Noticed today that while stopping at slow speeds the front brake feels like its grabbing ( as if im engaging and disengaging the brake, but not as violent) Am i looking at warped disks? If so where is the best place to buy? Ps. The bike is running brembo carbon ceramic pads if that makes any difference
Could be a warped disk or a sticky piston. I stripped and cleaned my calipers on Friday. Pistons out, cleaned and copper slipped. The amount of crud in there was horrendous. Used all of my cleaning skills and the wife's toothbrush to get the Pistons free again [emoji6]
My method is as follows. Get 500ml of new brake fluid. Remove the 4 bolts holding the callipers to the disks. Place bin bag over front tyre (or you won't want to ride it after). Squeeze lever until first piston comes out completely. Clean and copperslip piston Replace piston and cable tie in so that it can't come out. Top up fluid in master cylinder Repeat steps 4-7 until each piston has come out. Bleed Cable tie lever back overnight.
Quite possibly it's due to cementite build up. This can occur when the brake is held on to a hot disc and pad material burns into the surface. It results in an even friction around the disc with the same feel as a warped disc.
When you say "until piston comes out completely" you mean just before falling off or all the way out, so the brake fluid starts dripping? I've read that it's very difficult to put the pistons back in the caliper.
I did it until it fell out into the old washing up bowl I was using. Best way to ensure you clean the whole thing and that you don't still have grit and dirt at the bottom. You don't lose that much oil unless you tip the calliper, and they aren't that difficult to get back in. As long as it's square on, it slips right in.
As I said, I did this Friday evening. I spent longer bleeding the system than I did trying to get the pistons back in. Only one went in wonky and took me 3-5 mins to get back out.

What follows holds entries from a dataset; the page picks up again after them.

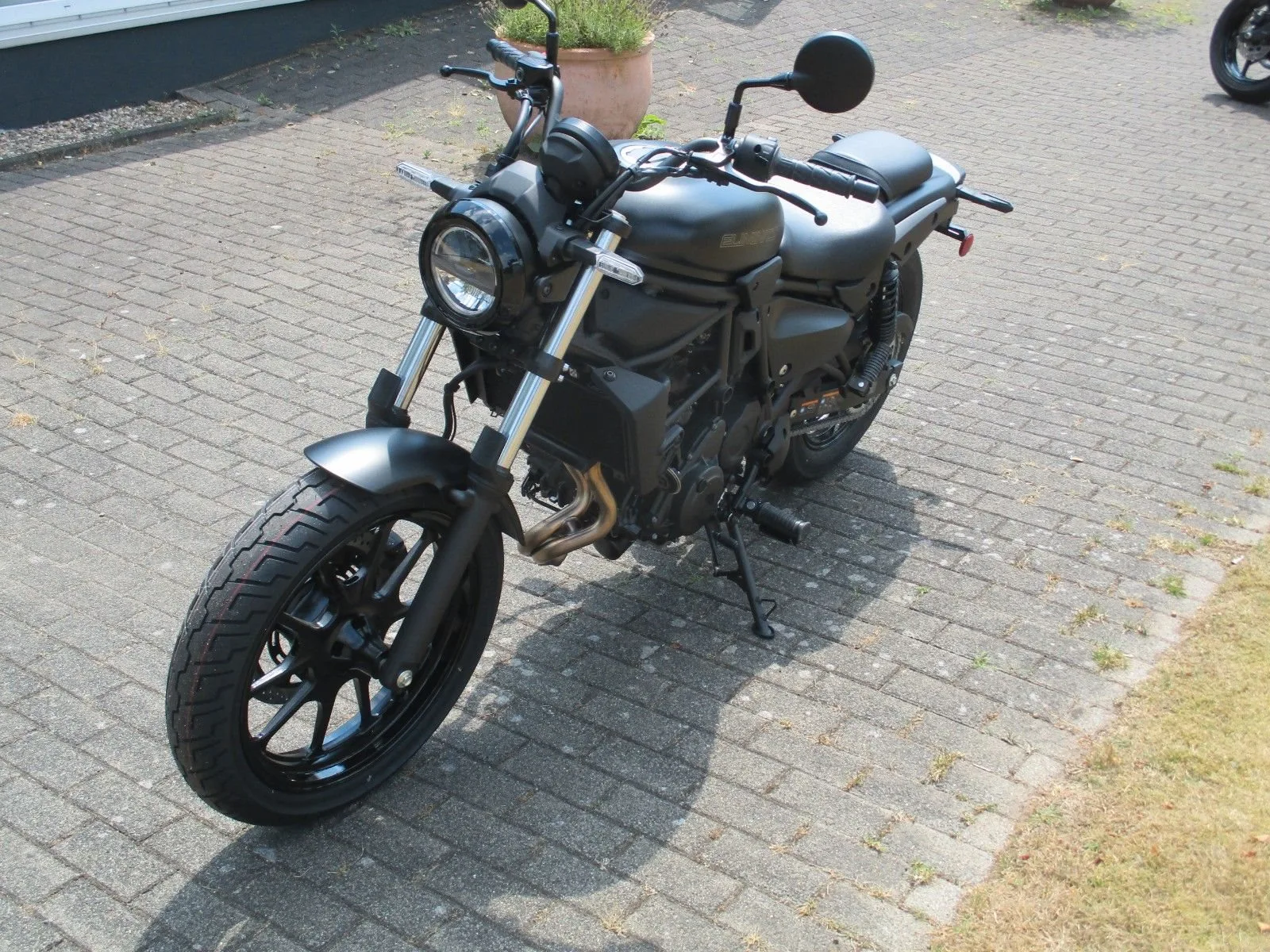 Kawasaki Eliminator 500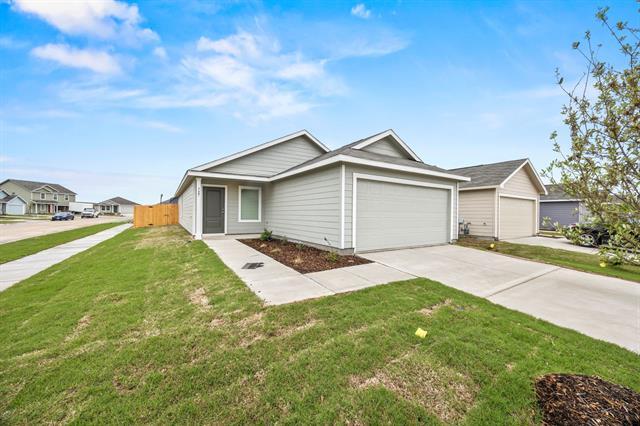 727 Madrono Dr in Princeton, TX - Building Photo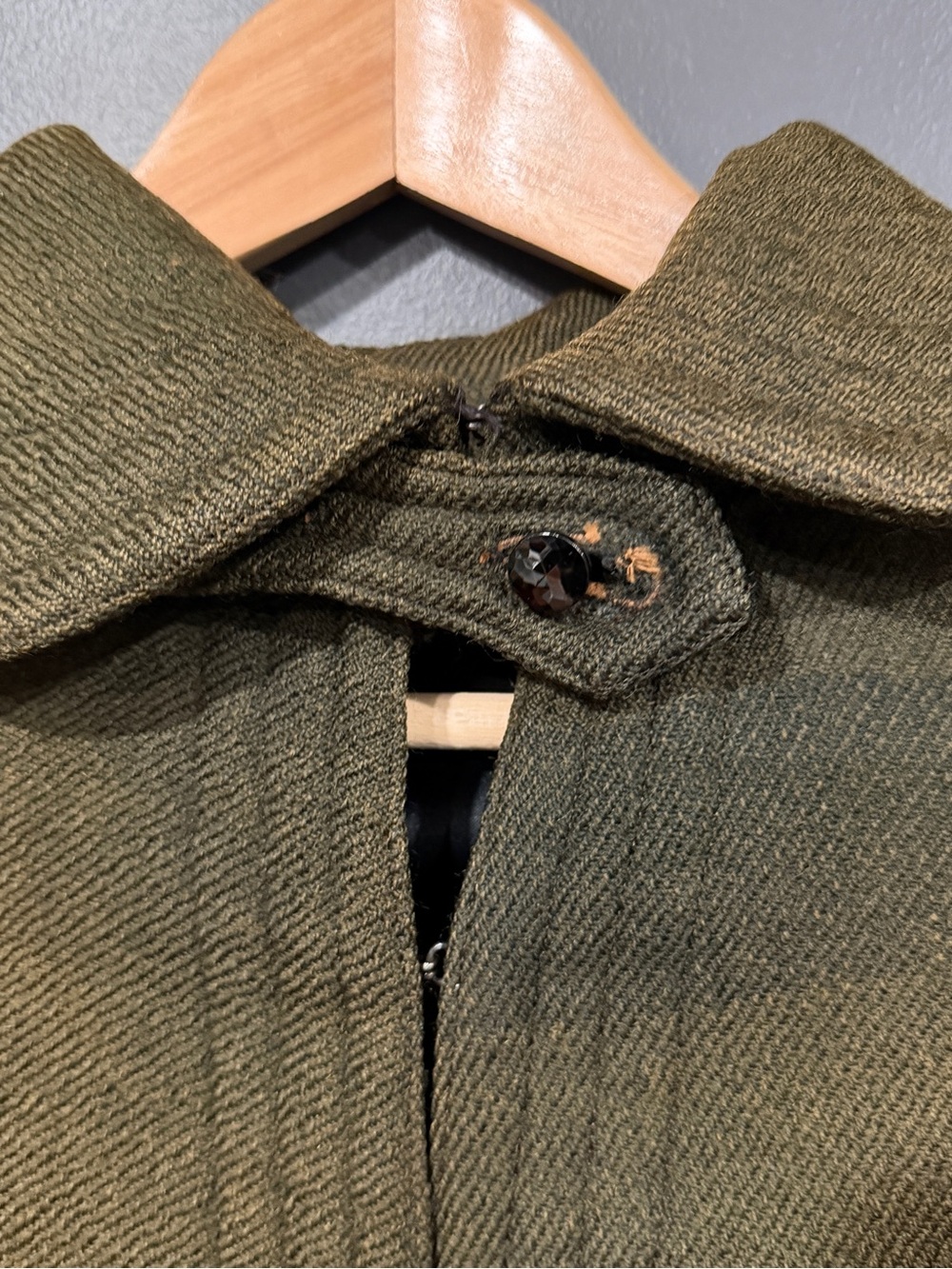 Vintage WWII Military Olive Green Wool Cape Coat - Picture 8 of 8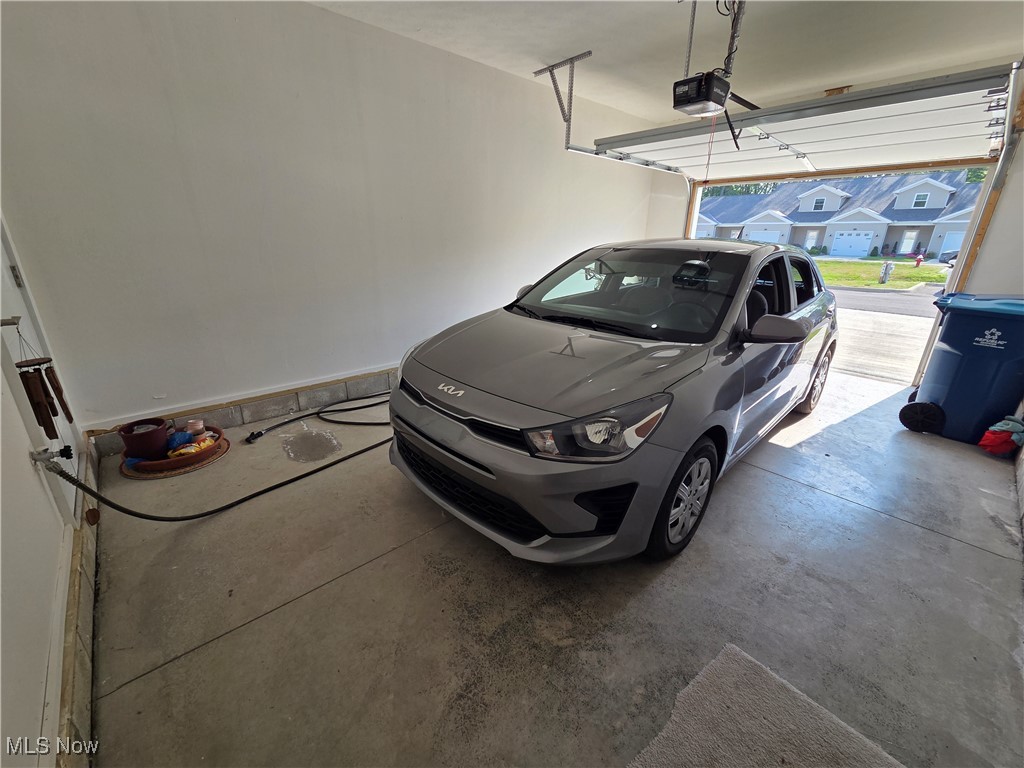 Treadway Ponds Twnhms - Residential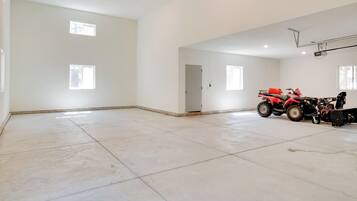 Apartment (0 Bedroom) | Interior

Depends how bad it's got. If you catch it early enough before the cementite process has properly got going you can scrub it off with emery but once it's gone to far there is little you can do. Home autotrackdaymonthly.com - The Final Word on Brake Vibration and “Warped” Rotors
Thanks for all the advice, gave the calipers a good clean yesterday along with the disk bobbins for good measure, then took a ride to chris at cjs today and brakes feel pretty much the same. Going to take the pistons out this weekend for a deep clean and get some emery cloth for the disks, then hopefully i wont have to fork out the £400 odd for new disks
If you were a bit bloody closer i'd help you clean the pistons! I'm sure your disks will be fine. I had a bloody awful groaning when hard braking and cleaning my pistons cured that too.
Right so i ordered a few bits today and decided to go all out and get a replacement seal kit to rebuild the calipers completely as i noticed the top inside piston is sticking quite badly on both sides, can do a walkthrough style video on how to rebuild these if anyone is interested ? Fair few videos on how to do this on youtube but its always nice seeing it done on your own bike
Problem solved!! .... Sort of. Pulsing has now completely gone after i rebuilt the calipers this morning, but after bleeding the brakes, ive noticed that on the first pull of the lever theres more travel than usual ( about an inch from grip ) but if i pull the lever quickly afterwards the lever is fine, untill i leave it alone for 15 seconds, then back to it was before. ive tried bleeding it using the old fashion method as well as with a cheap vacuum pump but nothing seems to be working. I assume theres just a bubble of air trapped somewhere (abs pump maybe?) Any advice or shall i just set the fucking thing on fire?
Haha... you've done exactly the same as me! It's trapped air. Squeeze the lever until it goes hard, then hold and cable tie it in that position overnight. That solved mine although it reverted after a week in the garage. Best is to immediately bleed it after doing the cable tie overnight trick. Mine's worse in that I get no brakes for the first pump. After an overnight cable tie it's rock hard!
Just a note here , do not you copper slip with any aluminium and metal mix , I assume alluminium caliper and steel Pistons or steel brake pins and alloy calipers .... it causes galvanic corrosion , don't use copper grease on backs of brake pads or near wheel bearings ...... it has metal flakes in it . There is special brake caliper greases for pads and calipers Padgid do it . Copper grease is ok where it is metal to metal contact e.g a steel wheel on a steel hub , alloy wheels on steel hubs use non metallic bases greases .
Spot on ,the cementite builds up on the discs and causes DTV ...disc thickness variation , same symptoms as a warped disc
Had a bit of luck from the cable tie but still got around 15mm difference, going to cable tie it for the next couple of days and see if that sorts it, if not im going to put a bleed banjo at the abs pump and try get the air out that way. And if that doesnt work, im just going to get my hammer.